Supporters of People Who Have Been Sexually Assaulted


Supporters of People Who Have Been Sexually Assaulted

Canberra Rape Crisis Centre

If someone chooses to tell you that they have been assaulted then they are investing a lot of trust in you. Your reactions are important. The attitudes and responses of those closest to a person who has been assaulted has the capacity to either extend the crisis, or to help them deal with it. Above all, a person who has been assaulted needs:

  • To be believed
  • To be told it is not their fault
  • To be listened to
  • To be allowed the time and space to make their own decisions about how to deal with it


It is normal to be upset, angry and confused. You may feel a strong urge to “do something” about the assault. You may wonder whether they could have done something to prevent the assault, or you may feel guilty that you didn’t protect them from what happened. You may have a strong urge to “take charge” in order to protect them.


You might want to catch the perpetrator and punish them yourself – revenge is a common reaction.
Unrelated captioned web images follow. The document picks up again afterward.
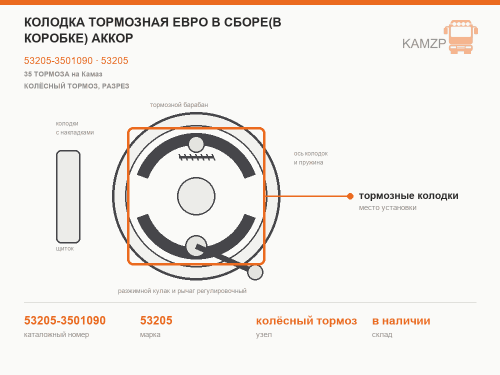 Колодка тормозная Евро в сборе(в коробке) аккор, каталожный номер 53205-3501090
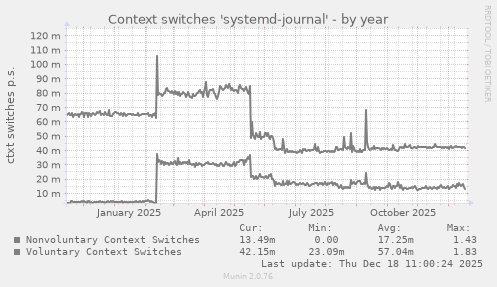 Context switches 'systemd-journal'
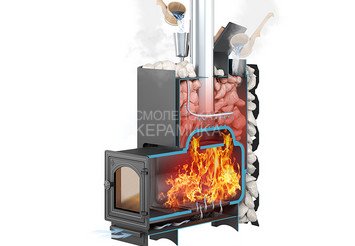 Чугунная печь для бани ЭТНА Стандарт 18 (ДТ-4) Закрытая каменка 4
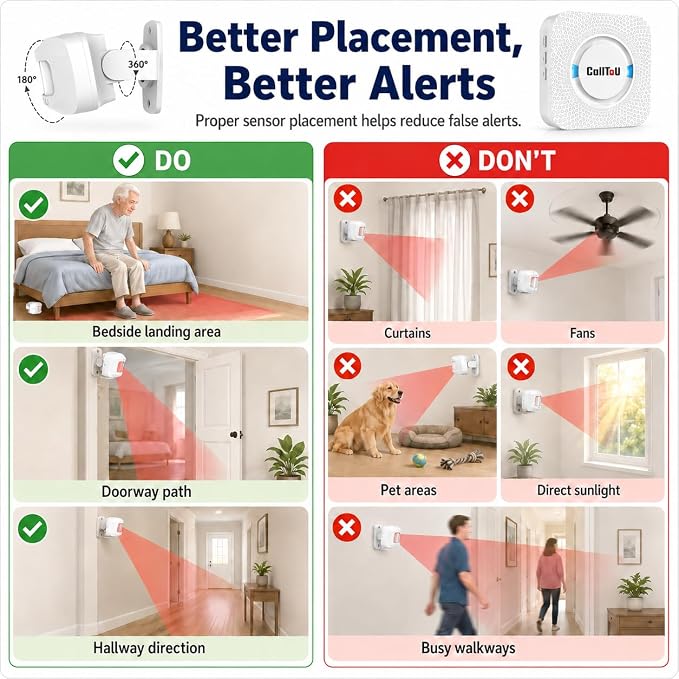 Bed Alarm for Elderly Care - Image 9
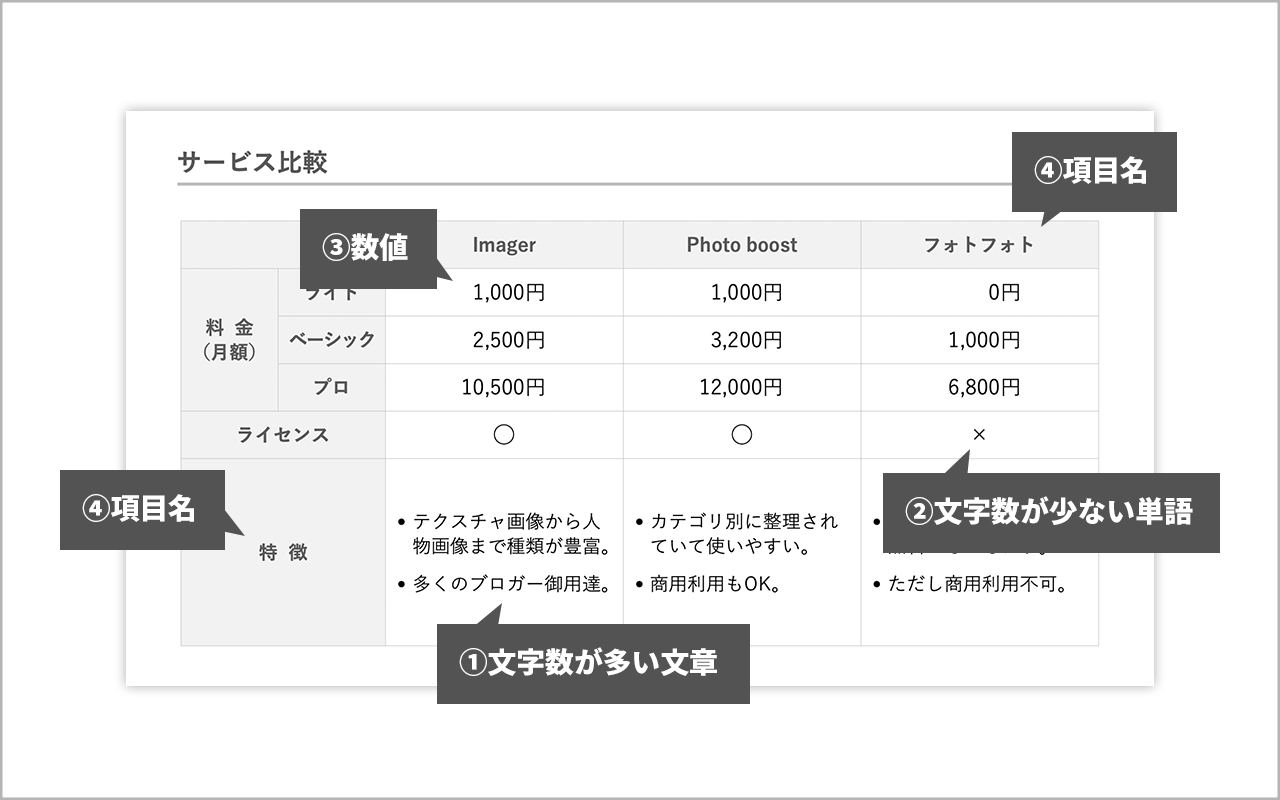 PowerPoint 表の罫線の引き方と見やすくするコツ 引くべきポイントと色の使い方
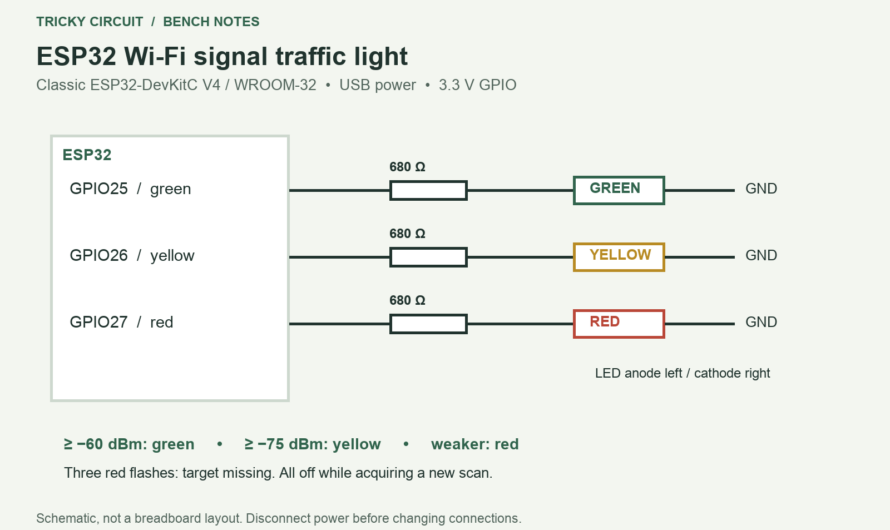 ESP32 Wi-Fi Signal Traffic Light: Find the Weak Spots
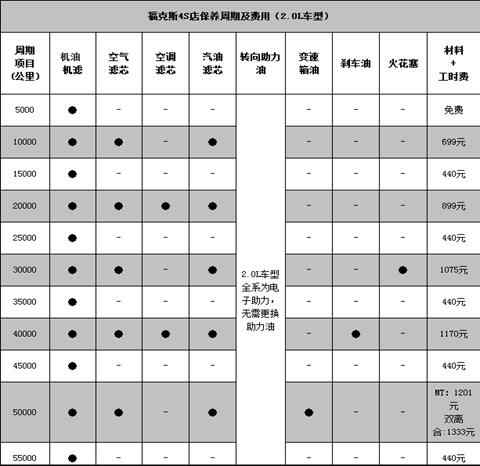 项目2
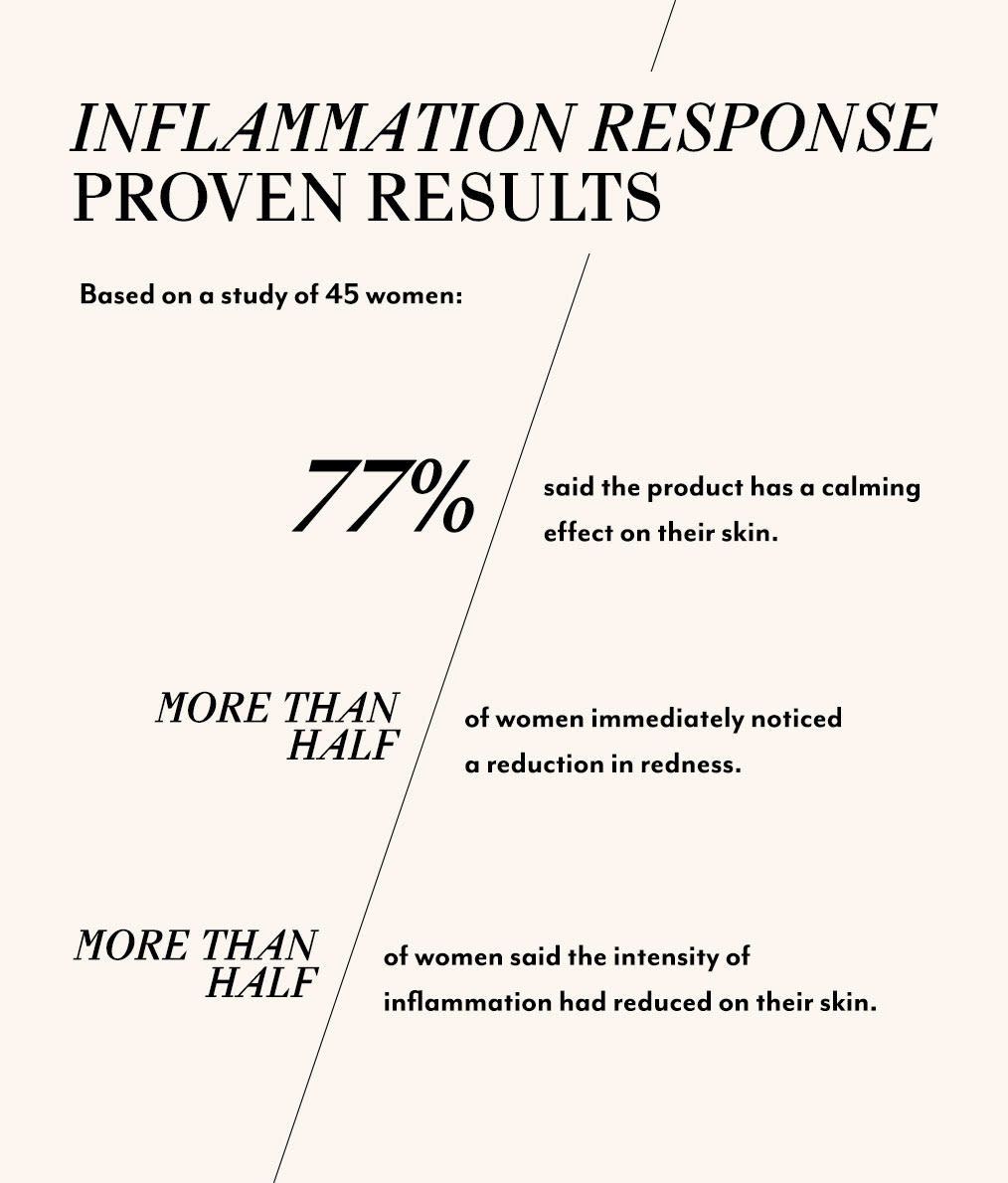 Inflammation Response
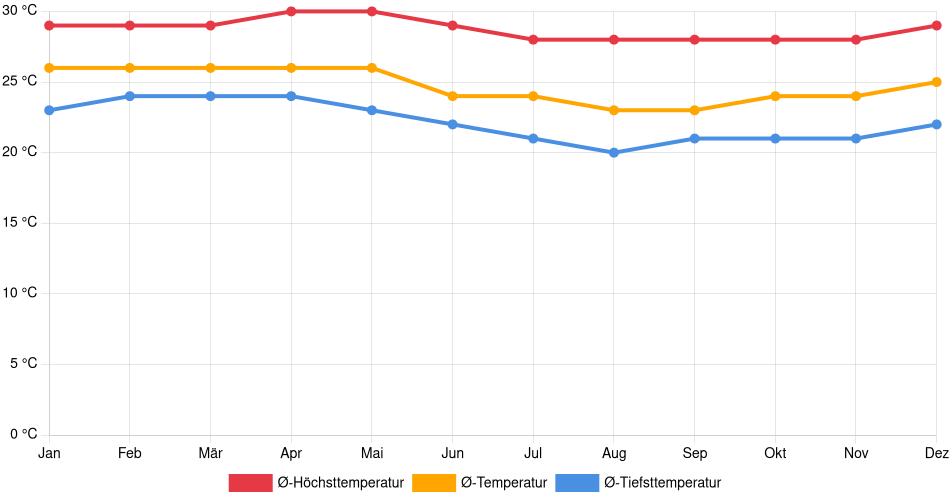 Temperaturverlauf in Máncora: Durchschnittstemperaturen der letzten 30 Jahre (1994–2024) nach Monat – Durchschnitt, Höchst- & Tiefstwerte der letzten 30 Jahre Liniendiagramm des Temperaturverlaufs in Máncora (Peru) mit durchschnittlichen Temperaturen, Höchst- und Tiefstwerten pro Monat über die letzten 30 Jahre (1994–2024).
All these feelings are understandable, but they are your feelings and you are not the one who was assaulted. If your feelings, such as the desire for revenge, are expressed in an obsessive or hurtful way, they can interfere with the emotional healing of the victim. If you are feeling angry at the victim, then you are holding them unfairly responsible for what happened.


Society in general blames victims for sexual assault (instead of the perpetrator) and denies victims the support they deserve. If you are blaming them then it might help to look at your own attitudes and emotional responses. Reading the section on Myths and Facts about on this site might help you.


You may well feel helpless and frustrated and these feelings are real and painful. You will need support and understanding for how you feel about the rape. But it is not appropriate for you to expect or demand this support from the victim – family, friends and counsellors are available for that purpose. It is important for you to allow someone who has been sexually assaulted to make their own decisions and for you to support those decisions. If you are available for someone to talk to when they need to and if you are listening in a truly non-judgmental and sympathetic way, then your support and love will be invaluable.